There are many different threats that your computer can be exposed to when using the internet. Having awareness of how your computer may be infected, together with ensuring you have reputable antivirus software installed, can help save your computer from a disaster. Here are the most common scenarios in which a virus can make it onto your computer:
Accepting things without clearly reading them first
On occasion, when browsing the internet, you may be asked to install a unique plug-in, or a pop-up window appears telling you that your computer is infected. While the latter can be particularly alarming, don’t be tempted to click on it. Make sure that you read everything clearly before accepting any prompts or saying “Yes” to something. If you don’t understand it or it seems odd to you, then chances are you shouldn’t be accepting it.
Furthermore, if you’re installing a program, always make sure that you uncheck any boxes that prompt you to install anything in addition to the core installation.

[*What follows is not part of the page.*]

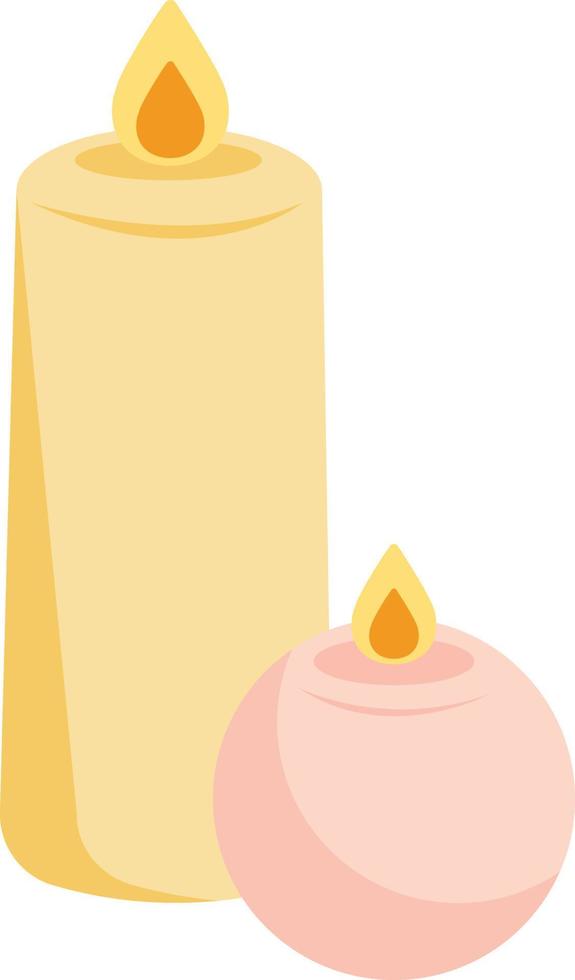 ilustração vetorial de vela perfumada vetor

This is because these additional programs may be designed to covertly monitor your actions when using your computer.
Downloading software or other programs from questionable sources
Don’t download anything from the internet if you’re unsure of the validity of the source. In other words, make sure that any downloads you make are done from a website that you know is legitimate. Another good idea in this regard is to run any download you make through both antivirus and anti-spyware software.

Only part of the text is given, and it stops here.